Les destinations à potentiel moyen de croissance comme l’Afrique de l’Est, l’Europe de l’Est et le Moyen-Orient peuvent être desservies par des moyens courriers à partir des mêmes marchés en plus de l’Amérique Latine. L’Afrique Méridionale et l’Asie Centrale, le Pakistan et l’Inde nécessitent de longs courriers et peuvent être alimentés par l’Europe, l’Afrique du Nord et l’Amérique pour la première et l’Afrique de l’Ouest et le Maghreb pour la destination Asie Centrale, Pakistan et Inde.
Des low-costs pour compléter l’offre de la RAM
Il faut d’ici là créer quatre low-costs, des compagnies satellitaires de la RAM appareillées par des ATR, des Embraers et des 737. La première assurera les vols internes en partenariat avec les régions. La deuxième desservira l’ouest algérien, le sud de l’Espagne, la Corse, le Portugal et les îles canaries. La troisième, purement touristique, visera les marchés à petite et moyenne taille comme la Slovaquie, la Hongrie, la Tchéquie, les Balkans, la Roumanie, la Bulgarie et des villes difficilement desservis en aérien en Sardaigne, Sicile, Chypre, l’est français, la Galicie et le pays basque, l’est de l’Allemagne, le Pays de Galle, l’Islande etc. La quatrième se spécialisera en Hajj et Omra.
Une grande compagnie a besoin de plusieurs low-costs qui se chargent d’assurer les vols difficiles et de desservir les régions et les destinations et zones enclavées à des prix convenables à ce type de passagers. Pour accueillir et acheminer les 70 à 90 millions de passagers que cette flotte va drainer, l’aéroport de Casablanca doit être doté d’un quatrième terminal géant. Aussi, l’aéroport de Benslimane doit être agrandi et mis à niveau et accueillera les low-cost, les vols nationaux, les ATR et les Embraer. L’aéroport Mohammed V aura comme vocation d’accueillir les compagnies nationales, les vols réguliers, et les grands avions. Un train rapide et une autoroute express reliera les deux aéroports.
A l’évidence, le coût déterminera la force future de la flotte de la RAM, mais il faut recourir à des mécanismes variés pour financer cette opération stratégique sur 15 ans. L’Etat doit acheter les avions et doit créer un organisme étatique qui les mettra à la disposition de la RAM à des prix concurrentiels.
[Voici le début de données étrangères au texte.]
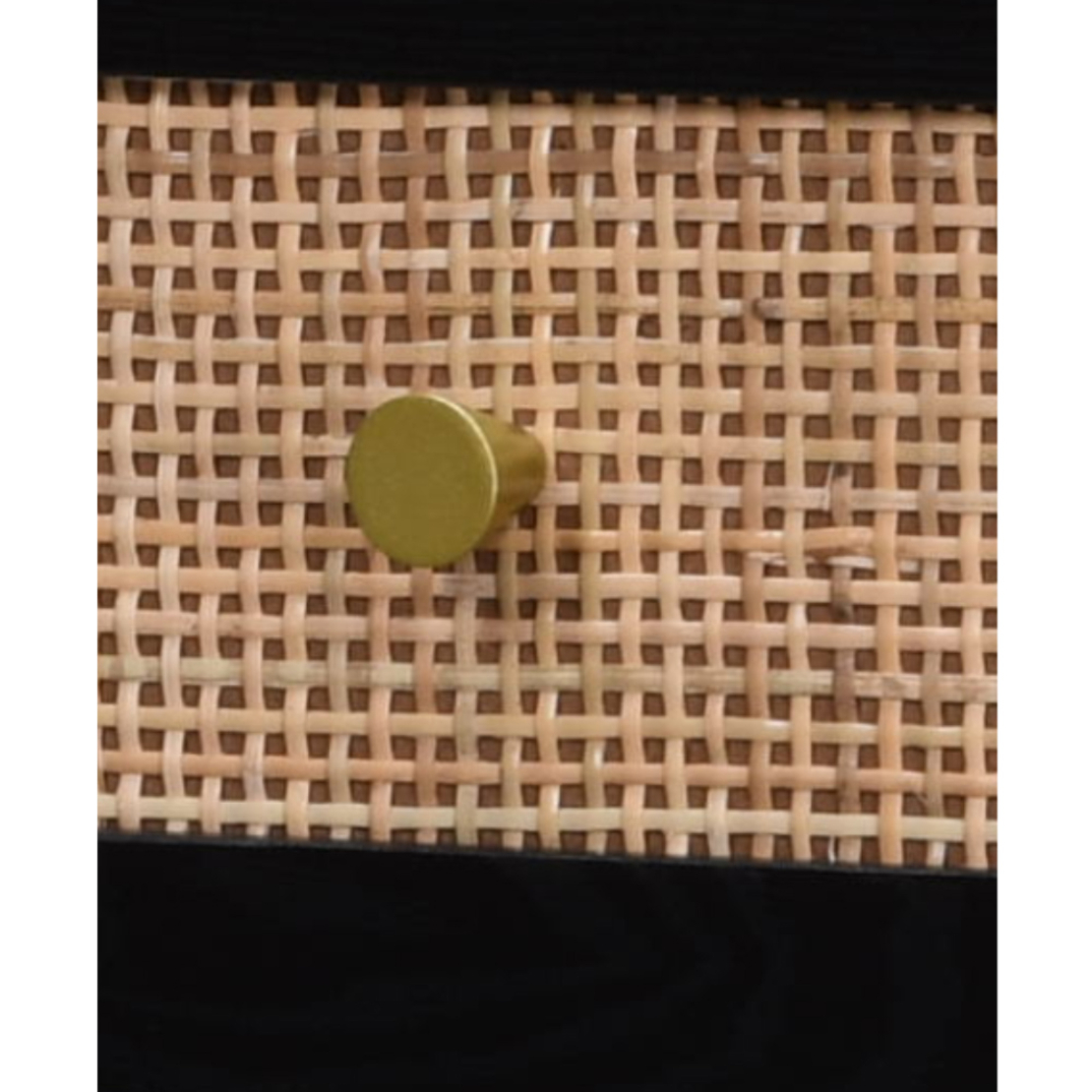 VIENNA COFFEE TABLE 1DRAWER CHIPBOARD WITH MELAMINE BLACK WITH RATTAN GOLD 120x59xH45cm E1 PRC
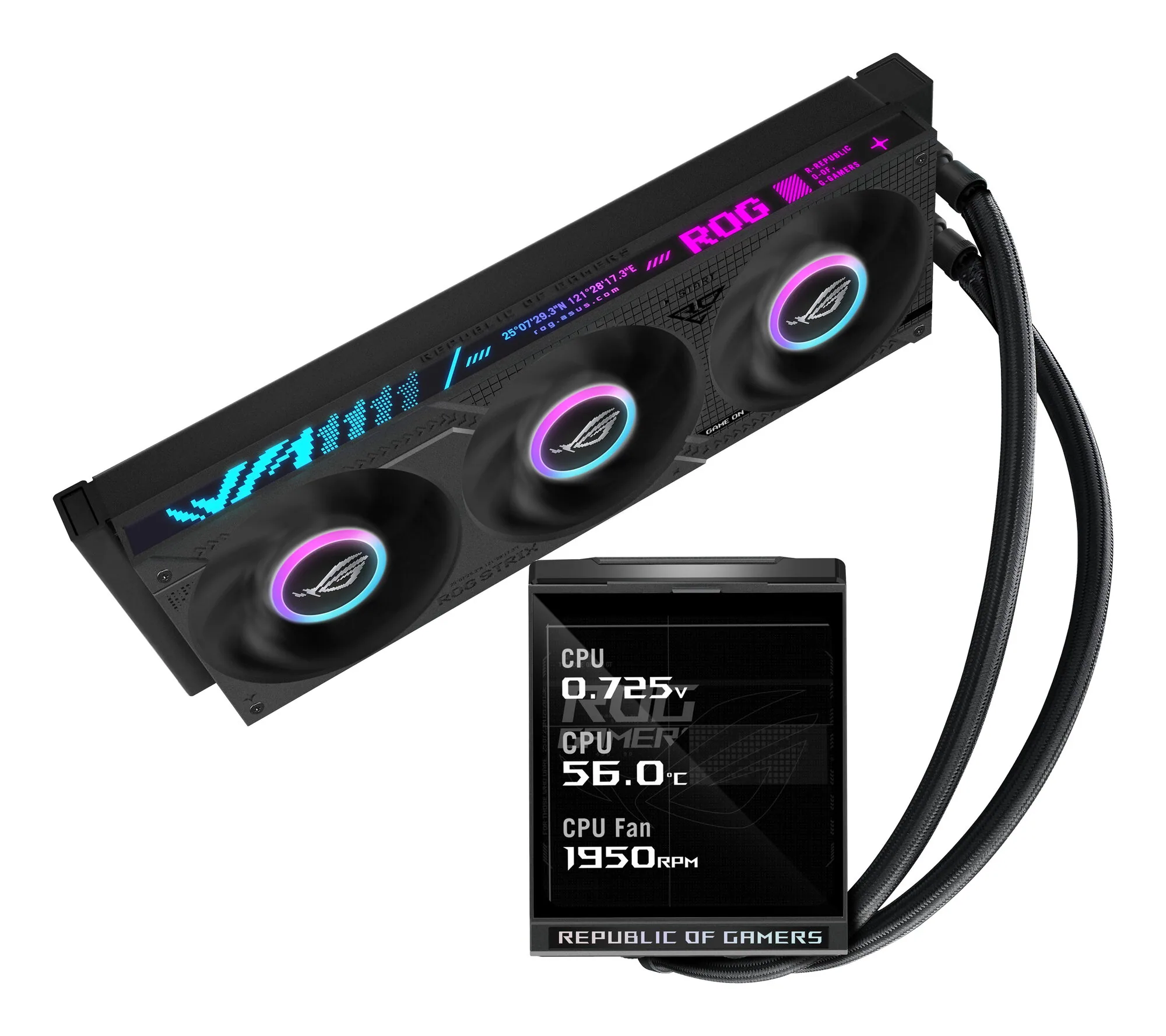 ASUS ROG Strix LC IV 360 ARGB LCD Prozessor All-in-One-Flüssigkeitskühler 12 cm Schwarz – Bild 1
Recourir au leasing est également une option pour une partie de la flotte. Le marché obligataire en plus de l’endettement garanti par l’Etat sont des options à considérer afin d’avoir un package complet de ressources financières à même de doter la RAM des avions nécessaires à son sursaut sur la scène mondiale.
Il devient impératif d’oser rêver et se projeter dans l’avenir. La rentabilité globale ne se limite pas à la simple rentabilité comptable, mais s’étend à la rentabilité économique, diplomatique, politique, culturelle et nationale. Il faut chercher à atteindre cette rentabilité globale si l’on veut que la RAM soit effectivement les ailes du Maroc dans un monde en pleine ébullition et mutation. Avec de la volonté, de la foi et une vision claire, on peut arriver à la hisser à un rang mondial. Mais il faut commencer ici et là, 2035 c’est demain et il ne faut pas qu’on soit déjà en retard.